4 Kasım 2015 Çarşamba

92

Bize bıraktıkları numarayı arayıp programa üç kişi katılacağımızı söylediğimizde çok sevindi Emel Hanım, hemen nasıl geleceğimizi sordu. Bu haftaki programa çıkmak ister miymişiz? Otobüsle mi gelecekmişiz? Bizi alması için araba yollamalı mıymış?

Hakan abi bu sevimli, hevesli ve sesiyle insanın içini ısıtan kadını sakinleştirene kadar akla karayı seçti. Bizim hepi topu 1 yıldır burada olduğumuzu, oraya gelirken zorlanmayacağımızı, bizi İstanbul Esenyurt Otogarından aldırmasının yeterli olacağını anlattı durdu. Hayır, sorular konusunda bir sınırımız yoktu, istemediğimiz soruya cevap vermezdik zaten. Canlı yayına çıkmakla ilgili bir sorunumuz yoktu, ama acemi olduğumuzu baştan kabul etmeliydi. Sözleşme yapmaya gerek yoktu, vallahi gelecektik. Hayır, ücret istemiyorduk. Hayır, vakfa bağış falan da istemiyorduk. Korumaya gerek var mıydı, sanmıyorduk – ama isterse koruma tutabilirdi. Çiftliğin kapısı bile yoktu doğru dürüst, zarar vermek isteyen içeri istediği zaman girerdi zaten.

Sonunda Hakan abi dayanamayıp:

“Elinizde hazır bir liste mi var? Bu soruları kafadan mı soruyorsunuz?” dedi gülerek.
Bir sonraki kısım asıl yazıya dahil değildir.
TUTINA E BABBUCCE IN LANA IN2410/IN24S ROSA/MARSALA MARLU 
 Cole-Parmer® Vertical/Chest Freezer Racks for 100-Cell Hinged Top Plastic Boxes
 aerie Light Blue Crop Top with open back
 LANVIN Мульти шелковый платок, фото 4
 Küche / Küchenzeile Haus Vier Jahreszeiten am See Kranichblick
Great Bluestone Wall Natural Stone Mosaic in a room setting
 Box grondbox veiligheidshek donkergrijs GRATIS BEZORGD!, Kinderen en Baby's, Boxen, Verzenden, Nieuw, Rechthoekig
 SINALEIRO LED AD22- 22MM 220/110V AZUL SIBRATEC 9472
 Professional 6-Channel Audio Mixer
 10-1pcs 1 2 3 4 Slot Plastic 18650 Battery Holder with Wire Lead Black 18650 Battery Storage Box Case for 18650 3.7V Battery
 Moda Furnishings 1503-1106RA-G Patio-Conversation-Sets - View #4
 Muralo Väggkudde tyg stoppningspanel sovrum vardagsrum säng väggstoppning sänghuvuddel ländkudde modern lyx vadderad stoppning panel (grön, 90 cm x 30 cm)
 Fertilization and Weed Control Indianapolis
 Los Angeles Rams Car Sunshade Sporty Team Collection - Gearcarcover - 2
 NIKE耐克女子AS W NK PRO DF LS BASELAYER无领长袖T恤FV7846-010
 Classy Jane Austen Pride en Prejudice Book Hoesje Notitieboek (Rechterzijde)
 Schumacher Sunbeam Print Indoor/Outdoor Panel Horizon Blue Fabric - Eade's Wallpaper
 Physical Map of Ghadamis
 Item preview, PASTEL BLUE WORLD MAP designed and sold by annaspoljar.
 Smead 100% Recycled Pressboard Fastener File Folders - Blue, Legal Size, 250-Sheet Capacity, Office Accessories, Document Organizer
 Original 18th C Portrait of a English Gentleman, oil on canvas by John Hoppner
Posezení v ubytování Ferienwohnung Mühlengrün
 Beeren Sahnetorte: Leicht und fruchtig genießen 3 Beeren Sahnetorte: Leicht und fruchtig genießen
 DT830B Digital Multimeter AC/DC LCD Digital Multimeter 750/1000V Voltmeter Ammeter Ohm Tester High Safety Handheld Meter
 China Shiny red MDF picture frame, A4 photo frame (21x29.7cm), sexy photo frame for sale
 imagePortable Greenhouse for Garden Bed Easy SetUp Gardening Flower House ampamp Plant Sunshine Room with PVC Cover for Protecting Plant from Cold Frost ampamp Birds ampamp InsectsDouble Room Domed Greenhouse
Elbette bir liste varmış, işler kontrolden çıkmasın diye televizyon kanalı ellerine tutuşturmuş. O yüzden soruları sorması gerekiyormuş, ayrıca bize e-posta ile uyulması gereken kuralları yollayacakmış. Bunu göndermesi zorunluymuş, ama orada özgürce konuşabilirmişiz. Ama televizyonda marka ve firma ismi söylemeyecekmişiz, küfürlü konuşamazmışız.

Eh, onları da kabul etti Hakan abi haliyle.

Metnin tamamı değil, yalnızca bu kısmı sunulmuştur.